In the complex world of web development, as the popularity of frontend framework such as React and Vue increase, Python is left to exist to be the language of a backend framework such as Flask and Django. Django is a fullstack web framework with built in ORM, user management, template renderer and tons of plug and use plugins. While Flask, Sanic are micro framework which are designed to stay lean and fast. So what are the key point developers should consider when choosing their next project’s backend framework?

Why choose python as the language of backend framework:

Python is Widely used in DL, ML ( Tensorflow, Pytorch, Sklearn, Spacy ), signal processing ( opencv, librosa ), Web ( aiohttp, requests ), Data manipulation and visualization ( pandas, matplotlib ). At currentsapi, all of our data processing is written in Python, so it’s trival that we use Python to serve the results as well.

Here’s some existing Python backend framework : Django, Flask, Sanic, Bottle, Pyramid etc…

Among all, Django is the most popular framework because:

  1. Good middleware layer for simple plug and run

  2. Built in ACL and Admin management

  3. Built in ORM and database migration

  4. Tons of plug and play plugins, templates, tutorial

  5. Django template class makes it simple to show any info.

But Django doesn’t always fit your use case because:

  1. Complex ORM makes it slow for large query

    1. Django ORM is slower when compare to other such as peewee
  2. High latency and low throughput

    1. Django is last in almost all python backend framework.

    2. While microframework such as Flask and Sanic have great performance

You should only choose a microframework, when lightweight and performance is both your design consideration while not afraid to spend time debugging them. For example : static website showing news, RESTful API server. Which is why we choose microframework as the start for our API backend, because we need performance and low memory footprint.

Benchmarking Microframework

We listed 8 most popular micro backend framework from Python and installed them in a linode’s Nanode plan.

  1. aiohttp
  2. Bottle
  3. Flask
  4. Japronto
  5. Pyramid
  6. Sanic
  7. Starlette
  8. Tornado

Methodology

All framework are under Linode 1vCPU 1GB with no additional pipeline layer.
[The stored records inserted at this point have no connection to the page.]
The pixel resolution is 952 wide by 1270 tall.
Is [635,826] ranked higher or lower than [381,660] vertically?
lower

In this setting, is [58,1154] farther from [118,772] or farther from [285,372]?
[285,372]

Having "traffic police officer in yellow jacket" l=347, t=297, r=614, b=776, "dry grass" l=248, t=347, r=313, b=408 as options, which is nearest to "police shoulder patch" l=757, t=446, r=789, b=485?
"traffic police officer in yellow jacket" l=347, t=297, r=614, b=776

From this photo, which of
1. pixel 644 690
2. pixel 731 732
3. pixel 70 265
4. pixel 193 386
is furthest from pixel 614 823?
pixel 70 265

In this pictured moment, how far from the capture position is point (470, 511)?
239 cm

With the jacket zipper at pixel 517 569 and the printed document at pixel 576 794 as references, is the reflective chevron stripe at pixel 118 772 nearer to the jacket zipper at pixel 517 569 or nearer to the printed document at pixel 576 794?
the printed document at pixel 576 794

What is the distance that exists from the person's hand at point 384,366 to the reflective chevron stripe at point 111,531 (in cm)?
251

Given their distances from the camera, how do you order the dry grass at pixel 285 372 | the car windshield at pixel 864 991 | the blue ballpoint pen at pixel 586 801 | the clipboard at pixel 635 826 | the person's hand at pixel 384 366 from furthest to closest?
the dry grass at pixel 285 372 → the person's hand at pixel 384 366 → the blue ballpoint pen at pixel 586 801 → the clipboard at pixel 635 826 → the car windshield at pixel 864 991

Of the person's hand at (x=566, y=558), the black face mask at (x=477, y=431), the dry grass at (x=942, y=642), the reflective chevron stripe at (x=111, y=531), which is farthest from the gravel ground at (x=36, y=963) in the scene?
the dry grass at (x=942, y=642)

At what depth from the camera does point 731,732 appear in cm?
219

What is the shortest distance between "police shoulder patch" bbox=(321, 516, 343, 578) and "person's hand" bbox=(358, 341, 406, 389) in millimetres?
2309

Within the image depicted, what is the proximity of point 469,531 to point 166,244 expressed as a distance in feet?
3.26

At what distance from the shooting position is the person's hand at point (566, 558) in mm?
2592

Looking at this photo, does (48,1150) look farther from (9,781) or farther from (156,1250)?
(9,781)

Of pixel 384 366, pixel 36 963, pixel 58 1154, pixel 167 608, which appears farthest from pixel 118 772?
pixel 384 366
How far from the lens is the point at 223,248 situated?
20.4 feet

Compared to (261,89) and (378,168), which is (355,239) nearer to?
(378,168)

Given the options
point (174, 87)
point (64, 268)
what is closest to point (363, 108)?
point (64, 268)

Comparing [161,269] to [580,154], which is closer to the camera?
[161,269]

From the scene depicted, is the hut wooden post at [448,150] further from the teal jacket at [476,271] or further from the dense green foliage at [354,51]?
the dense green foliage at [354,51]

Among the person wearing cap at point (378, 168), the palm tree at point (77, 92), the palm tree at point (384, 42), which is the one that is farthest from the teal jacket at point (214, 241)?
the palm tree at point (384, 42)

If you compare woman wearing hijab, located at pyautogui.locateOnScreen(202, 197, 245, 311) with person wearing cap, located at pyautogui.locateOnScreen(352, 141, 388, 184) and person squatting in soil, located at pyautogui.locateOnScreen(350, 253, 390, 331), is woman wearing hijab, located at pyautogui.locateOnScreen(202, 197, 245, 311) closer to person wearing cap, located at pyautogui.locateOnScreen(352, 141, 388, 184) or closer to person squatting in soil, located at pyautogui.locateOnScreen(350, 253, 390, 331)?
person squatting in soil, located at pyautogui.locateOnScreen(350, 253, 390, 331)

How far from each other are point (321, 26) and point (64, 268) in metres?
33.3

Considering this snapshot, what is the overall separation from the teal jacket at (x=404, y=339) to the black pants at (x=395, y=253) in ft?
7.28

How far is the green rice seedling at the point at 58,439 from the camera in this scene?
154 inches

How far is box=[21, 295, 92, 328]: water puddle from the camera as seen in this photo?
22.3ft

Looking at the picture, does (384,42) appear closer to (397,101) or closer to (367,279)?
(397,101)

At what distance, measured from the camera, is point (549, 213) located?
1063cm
Adding any pipeline will change the final results.

  1. Json serialization and delivering : Since Sanic use ujson by default, ujson is used in all framework for serialization. Hence, the result should correlate to text delivering result as well.

  2. Text delivering : Hello World

Locust is used to load test all frameworks for full 2 minutes. The concurrent users number will incremental increase until the framework starting to drop connection. To prevent os resource cap, resource limitation was set to 999999.

Text

Framework Total Request Request Per Second Median Response Time (ms) Failed Requests
aiohttp 18908 313.74 63 0
Bottle 13250 221.04 120 0
Flask 16012 265.72 120 0
Japronto 18804 313.17 62 0
Pyramid 12290 206.84 120 345
Sanic 18537 310.92 120 43
Starlette 18671 311.90 120 2
Tornado 18771 314.84 63 0
Django+Gunicorn 18052 730 152 0

Json

Framework Total Request Request Per Second Median Response Time (ms) Failed Requests
aiohttp 18924 317.42 63 0
Bottle 13402 225.04 120 0
Flask 13393 224.14 120 0
Japronto 19003 319.82 62 0
Pyramid 13316 223.58 120 0
Sanic 18525 311.76 120 42
Starlette 17260 288.02 120 3
Tornado 18939 317.33 63 0

For the lowest median response time, Japronto and Tornado are the best among all 5 frameworks.
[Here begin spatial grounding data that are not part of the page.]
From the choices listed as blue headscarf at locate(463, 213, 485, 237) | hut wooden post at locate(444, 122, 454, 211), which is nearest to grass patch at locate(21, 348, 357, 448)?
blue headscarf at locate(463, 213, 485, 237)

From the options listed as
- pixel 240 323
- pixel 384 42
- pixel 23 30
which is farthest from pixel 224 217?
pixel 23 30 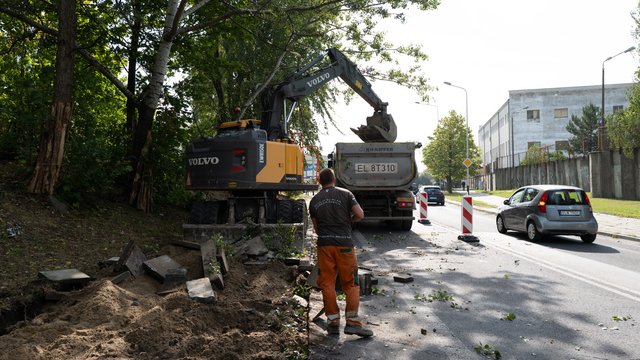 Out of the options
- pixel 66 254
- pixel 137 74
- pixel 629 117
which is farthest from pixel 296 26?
pixel 629 117

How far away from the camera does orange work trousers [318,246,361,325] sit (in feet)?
16.3

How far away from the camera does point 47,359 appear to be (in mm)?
3674

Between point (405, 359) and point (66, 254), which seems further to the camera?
point (66, 254)

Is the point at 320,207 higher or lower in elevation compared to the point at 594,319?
higher

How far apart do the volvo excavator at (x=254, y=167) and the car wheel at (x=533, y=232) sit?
6.21 meters

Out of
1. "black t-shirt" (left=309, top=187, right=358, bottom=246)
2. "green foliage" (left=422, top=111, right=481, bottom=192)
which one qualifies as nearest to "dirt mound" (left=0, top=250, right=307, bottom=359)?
"black t-shirt" (left=309, top=187, right=358, bottom=246)

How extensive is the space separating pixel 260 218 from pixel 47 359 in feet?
21.7

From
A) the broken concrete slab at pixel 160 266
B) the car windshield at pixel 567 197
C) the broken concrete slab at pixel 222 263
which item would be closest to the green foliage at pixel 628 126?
the car windshield at pixel 567 197

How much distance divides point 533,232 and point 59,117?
38.8 ft

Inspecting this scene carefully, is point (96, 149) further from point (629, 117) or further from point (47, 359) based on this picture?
point (629, 117)

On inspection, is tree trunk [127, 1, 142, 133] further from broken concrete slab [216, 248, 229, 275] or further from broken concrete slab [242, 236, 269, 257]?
broken concrete slab [216, 248, 229, 275]

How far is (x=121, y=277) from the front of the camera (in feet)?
19.8

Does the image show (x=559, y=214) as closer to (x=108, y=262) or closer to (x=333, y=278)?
(x=333, y=278)

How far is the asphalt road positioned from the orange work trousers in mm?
267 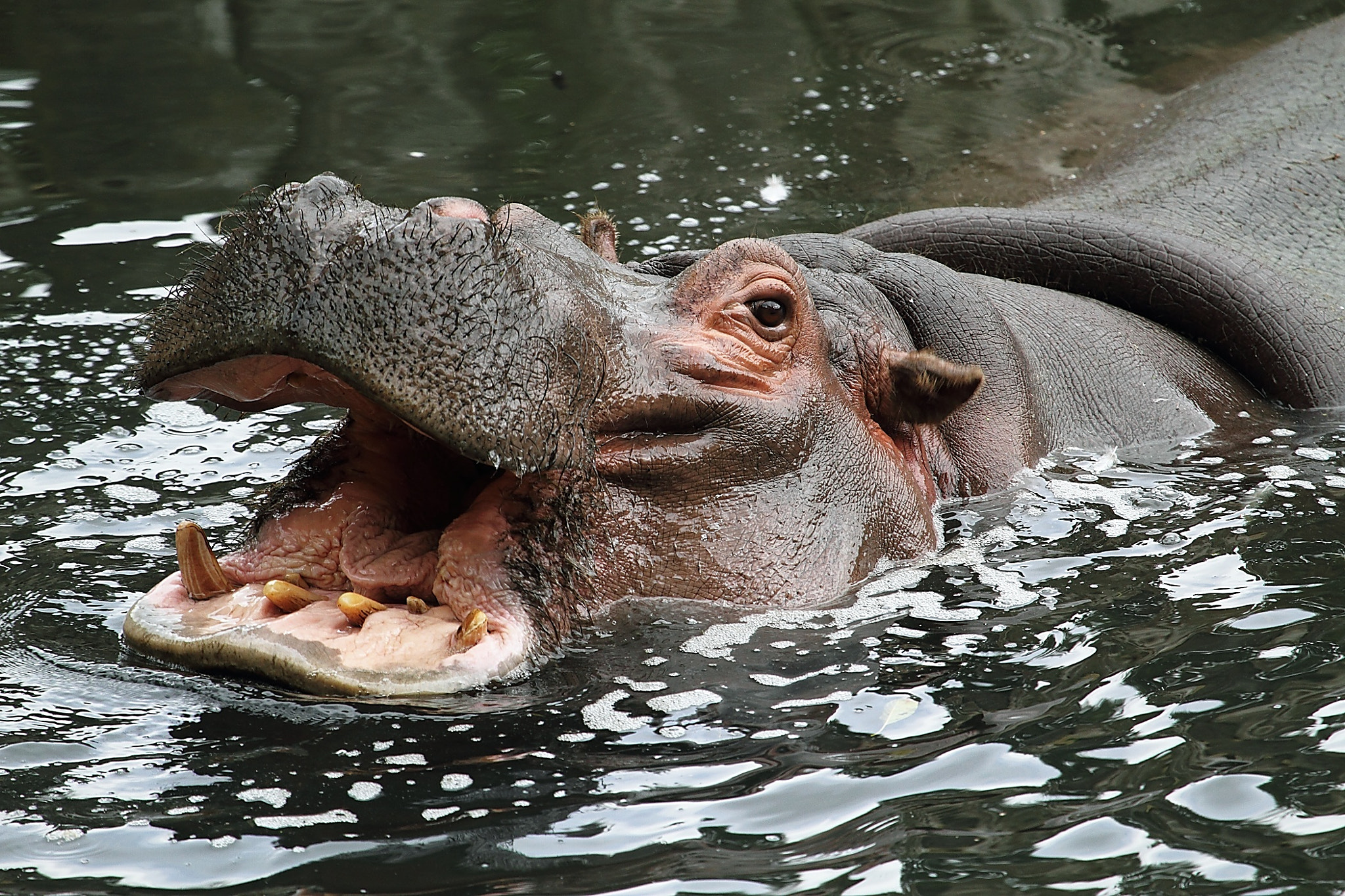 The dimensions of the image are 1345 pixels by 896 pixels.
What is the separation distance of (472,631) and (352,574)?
431mm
Flask in our opinion are the best synchronous framework among all. aiohttp, Tornado, Japronto have the better performance in async function. Do note that tornado support async function in callback form, while Japronto use uvloop for async task.

Other perks

Other than performance, support and maturity are also the factor to consider when chosing to develop your next big idea. Hence, we collected some stats about each microframework for easy comparison.
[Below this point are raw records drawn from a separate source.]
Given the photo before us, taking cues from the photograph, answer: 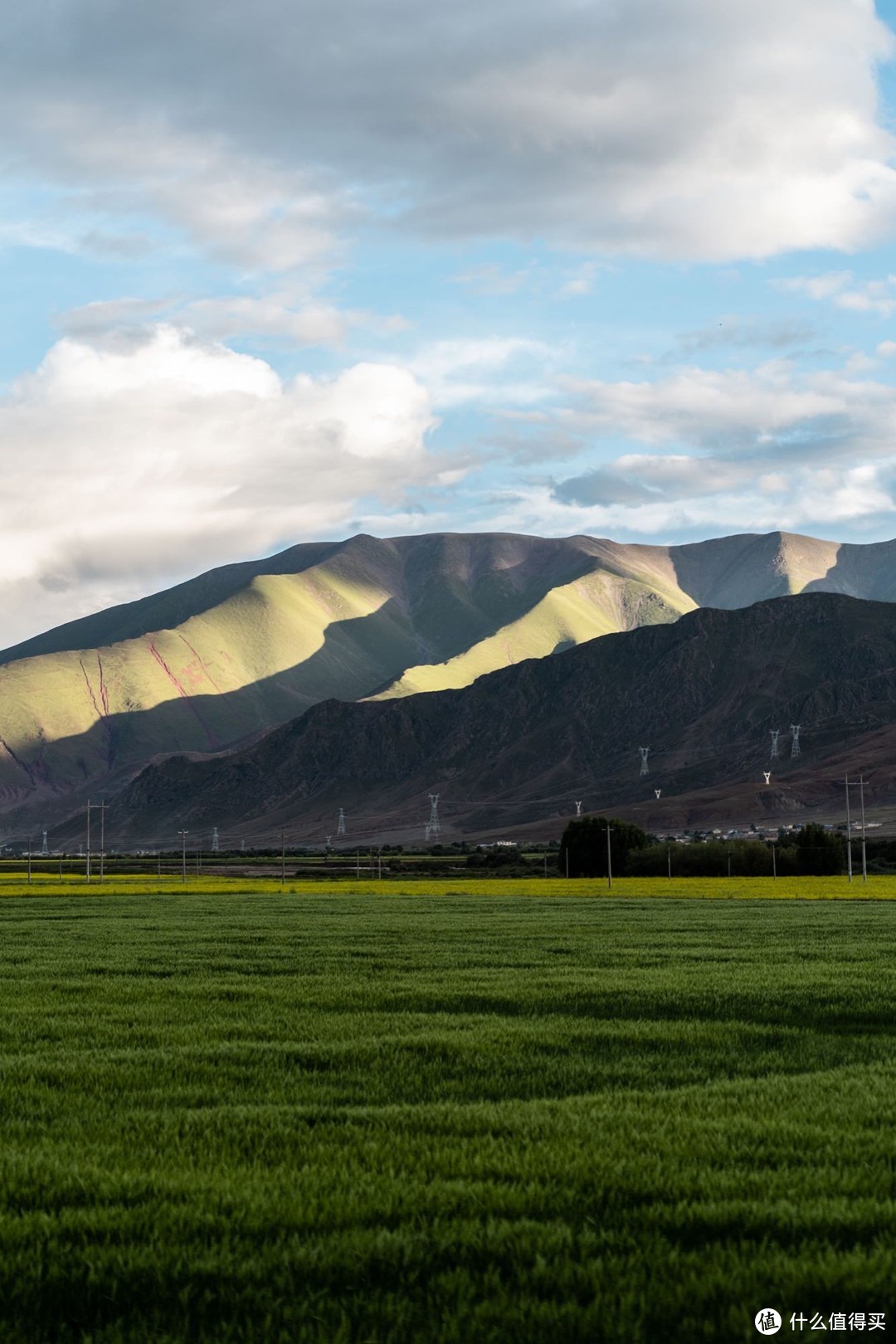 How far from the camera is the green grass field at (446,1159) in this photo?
20.6 feet

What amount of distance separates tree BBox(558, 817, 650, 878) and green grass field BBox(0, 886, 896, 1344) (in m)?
109

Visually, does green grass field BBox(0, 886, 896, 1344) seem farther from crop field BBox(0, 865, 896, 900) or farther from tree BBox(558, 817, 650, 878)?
tree BBox(558, 817, 650, 878)

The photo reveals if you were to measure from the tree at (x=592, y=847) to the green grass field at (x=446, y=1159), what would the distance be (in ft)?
356

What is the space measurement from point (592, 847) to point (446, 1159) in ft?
404

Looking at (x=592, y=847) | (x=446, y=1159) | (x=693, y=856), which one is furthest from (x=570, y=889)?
(x=446, y=1159)

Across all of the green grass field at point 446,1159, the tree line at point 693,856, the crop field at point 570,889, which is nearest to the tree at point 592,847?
the tree line at point 693,856

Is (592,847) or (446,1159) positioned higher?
(446,1159)

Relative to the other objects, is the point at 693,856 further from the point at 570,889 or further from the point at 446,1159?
the point at 446,1159

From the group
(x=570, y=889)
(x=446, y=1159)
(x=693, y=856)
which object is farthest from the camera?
(x=693, y=856)

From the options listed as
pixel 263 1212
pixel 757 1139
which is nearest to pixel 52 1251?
pixel 263 1212

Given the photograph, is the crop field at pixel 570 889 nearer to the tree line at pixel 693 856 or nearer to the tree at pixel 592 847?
the tree line at pixel 693 856

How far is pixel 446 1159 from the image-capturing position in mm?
8812

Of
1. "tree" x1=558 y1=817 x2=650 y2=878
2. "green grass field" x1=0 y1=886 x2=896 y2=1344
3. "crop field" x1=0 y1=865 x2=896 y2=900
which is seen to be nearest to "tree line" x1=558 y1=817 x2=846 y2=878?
"tree" x1=558 y1=817 x2=650 y2=878

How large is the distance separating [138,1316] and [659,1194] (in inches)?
131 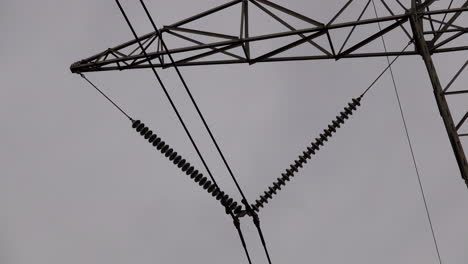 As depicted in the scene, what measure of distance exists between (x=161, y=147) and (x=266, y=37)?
318 cm

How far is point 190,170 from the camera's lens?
11.8 metres

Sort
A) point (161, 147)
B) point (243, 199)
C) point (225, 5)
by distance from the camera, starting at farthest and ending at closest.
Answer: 1. point (225, 5)
2. point (161, 147)
3. point (243, 199)

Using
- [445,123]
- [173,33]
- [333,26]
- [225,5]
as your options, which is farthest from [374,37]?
[173,33]

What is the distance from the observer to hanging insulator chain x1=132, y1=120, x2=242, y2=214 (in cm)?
1098

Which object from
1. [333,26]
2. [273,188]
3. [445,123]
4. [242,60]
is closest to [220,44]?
[242,60]

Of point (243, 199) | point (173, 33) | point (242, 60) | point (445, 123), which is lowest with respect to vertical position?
point (243, 199)

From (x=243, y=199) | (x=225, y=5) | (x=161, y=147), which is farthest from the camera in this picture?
(x=225, y=5)

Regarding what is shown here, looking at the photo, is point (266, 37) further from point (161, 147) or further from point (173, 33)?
point (161, 147)

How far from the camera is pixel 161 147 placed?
1198 cm

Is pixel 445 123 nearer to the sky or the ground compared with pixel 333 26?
nearer to the ground

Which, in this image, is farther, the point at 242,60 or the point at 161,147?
the point at 242,60

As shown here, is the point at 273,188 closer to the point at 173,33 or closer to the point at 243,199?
the point at 243,199

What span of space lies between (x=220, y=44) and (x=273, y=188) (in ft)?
10.8

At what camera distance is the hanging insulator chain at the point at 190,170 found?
36.0 ft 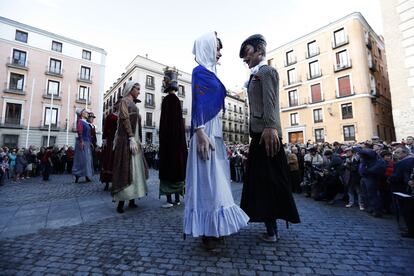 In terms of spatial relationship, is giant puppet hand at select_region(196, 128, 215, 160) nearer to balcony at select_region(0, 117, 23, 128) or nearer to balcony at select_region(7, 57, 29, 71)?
balcony at select_region(0, 117, 23, 128)

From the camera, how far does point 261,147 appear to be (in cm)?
249

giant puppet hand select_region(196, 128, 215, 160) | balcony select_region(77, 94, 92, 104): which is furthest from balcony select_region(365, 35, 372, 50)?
balcony select_region(77, 94, 92, 104)

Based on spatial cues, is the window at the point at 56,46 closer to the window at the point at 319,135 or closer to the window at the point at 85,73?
the window at the point at 85,73

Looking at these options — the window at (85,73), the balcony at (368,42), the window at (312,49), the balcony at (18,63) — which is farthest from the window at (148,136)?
the balcony at (368,42)

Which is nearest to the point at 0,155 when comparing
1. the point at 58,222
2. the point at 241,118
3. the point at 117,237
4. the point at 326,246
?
the point at 58,222

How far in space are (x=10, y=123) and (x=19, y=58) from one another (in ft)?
26.2

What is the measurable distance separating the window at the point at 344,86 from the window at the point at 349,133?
13.3 ft

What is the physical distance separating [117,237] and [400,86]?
54.6ft

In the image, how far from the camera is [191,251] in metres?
2.20

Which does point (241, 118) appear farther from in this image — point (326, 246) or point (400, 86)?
point (326, 246)

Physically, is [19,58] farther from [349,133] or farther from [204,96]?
[349,133]

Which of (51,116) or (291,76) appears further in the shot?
(291,76)

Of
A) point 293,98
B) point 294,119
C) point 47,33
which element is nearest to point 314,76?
point 293,98

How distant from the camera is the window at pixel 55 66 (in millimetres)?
26797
Framework WSGI support Github stars Pypi packages Support async Size of maintainer team
aiohttp yes 7,140 586* Yes 2
Bottle yes 6,039 70* No 1
Flask yes 42,478 642 No 4
Japronto no 6,932 2* Yes 1
Pyramid yes 3,071 996* No 5
Sanic yes 11,558 155* Yes 3
Starlette yes 1,250 20* Yes 1
Tornado yes 17,376 889* Yes, callbacks 2
  • number based on pypi search results

Stats collected 11/03/2019

Conclusion

While these number isn’t the fastest or most performing backend framework. A light server allows developer to setup a service in one file with little disk usage, is a great option when time and resource are limited.